Protection des espaces verts et retombées sociales

Isabelle Bérubé, Directrice du développement chez Société pour la nature et les parcs - section Québec (SNAP Québec), fait remarquer qu’au-delà des bénéfices pour la santé et de la résilience climatique, la préservation des espaces naturels permet de préserver la biodiversité, les paysages, la qualité de vie, en plus d’augmenter la valeur foncière, les retombées sociales positives, le potentiel touristique et les services écosystémiques rendus à la communauté.

Les villes ne sont pas à la hauteur du défi de préservation des espaces verts dit-elle. Ces dernières devraient pouvoir exproprier pour des raisons de protection de la biodiversité et de lutte / adaptation aux changements climatiques. Les golfs protégés par le règlement de contrôle intérimaire (RCI) de la CMM dit-elle, vont s’inscrire dans une grande trame de connexion des espaces verts préservés. Ce sont des espaces qui offrent une excellente opportunité de restauration de la nature. Elle en profite pour annoncer que le prochain Sommet sur la biodiversité pour les municipalités se déroulera en février prochain, à Laval.

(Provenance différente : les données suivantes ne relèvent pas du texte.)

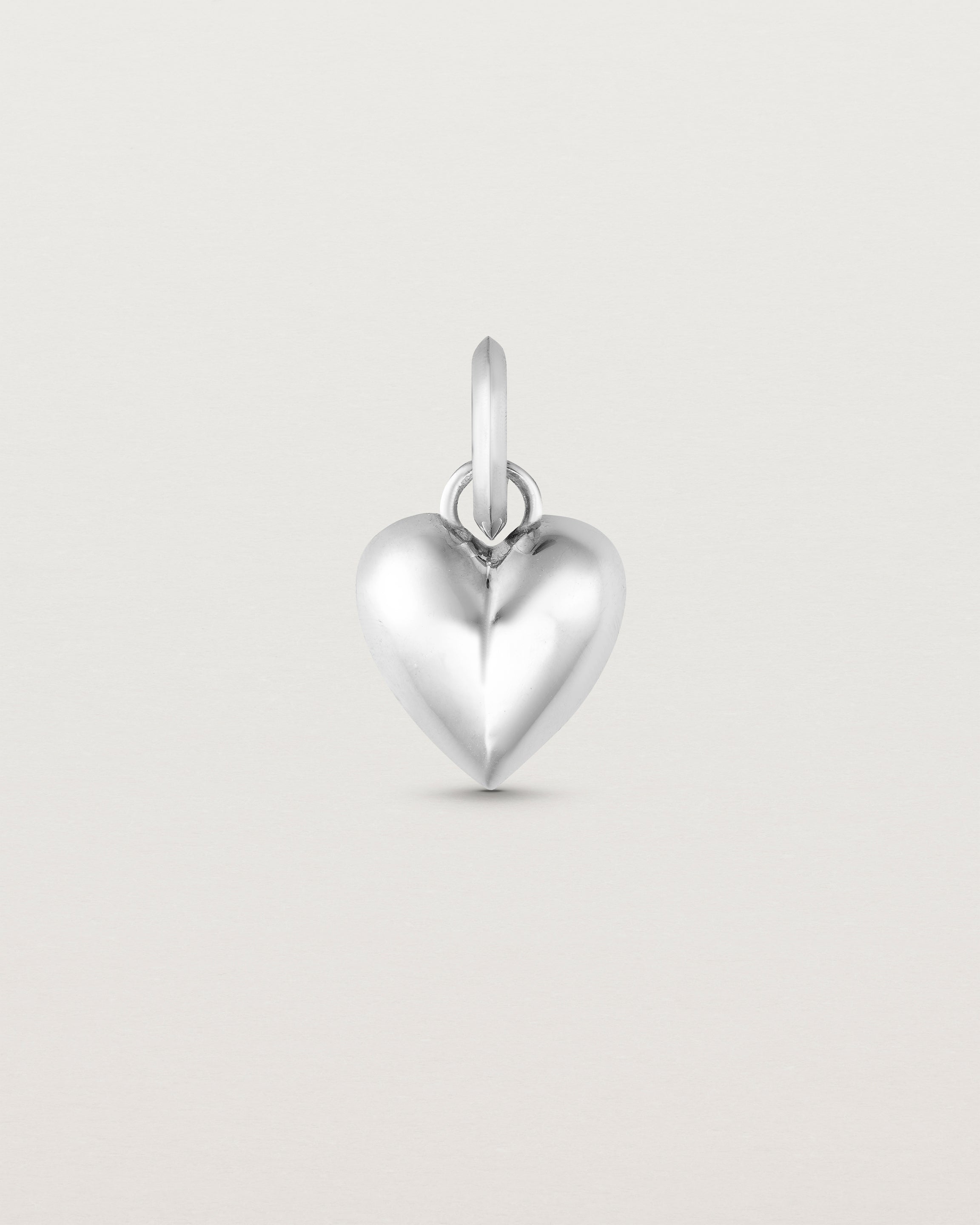 Ella Charm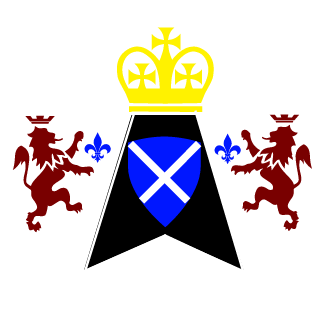 Edios97's emblem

Changements climatiques et biodiversité

Ursule Boyer-Villemaire, gestionnaire de projets pour Ouranos et professeure associée à l’UQAM sur la prévention, l’adaptation et l’atténuation des impacts des changements climatiques affirme que les changements climatiques influencent déjà la biodiversité : 324 espèces de plantes et 153 vertébrés étaient déjà en situation précaire en 2020 au Québec. Il est essentiel de développer une collaboration multiniveau dit-elle, pour transformer la «gestion de la nature» et réduire l’espace donné à la voiture, par exemple, en aménageant des stationnements étagés. Le droit de préemption[1] doit faire partie du coffre à outils des municipalités mais il est insuffisant. Il est nécessaire d’y ajouter des mécanismes d'éco-fiscalité et autres pour atteindre des cibles plus ambitieuses. Les écosystèmes urbains sont des alliés efficaces d’une trajectoire résiliente face aux changements climatiques.

⎯⎯⎯⎯⎯⎯⎯⎯

[1] Un droit de préemption est un droit légal ou contractuel accordé à des personnes privées ou publiques d'acquérir un bien par priorité à toute autre personne et ce lorsque le propriétaire manifeste sa volonté de le vendre. (Wikipedia)


Densifier pour protéger

Guillaume Tremblay – Maire de Mascouche dit qu’il faut densifier pour protéger ! Il souligne le succès du Corridor forestier du Grand Coteau et affirme que les anciens golfs représentent maintenant une opportunité unique. Le RCI sur les golfs adopté par la CMM représente 474 hectares de territoire protégé. Maintenant, dit-il, les subventions et la refonte de la Loi sur l’expropriation doivent suivre, afin de permettre l’acquisition de ces espaces verts pour le bénéfice des communautés. Les autres paliers gouvernementaux doivent combler ces besoins financiers et législatifs des municipalités.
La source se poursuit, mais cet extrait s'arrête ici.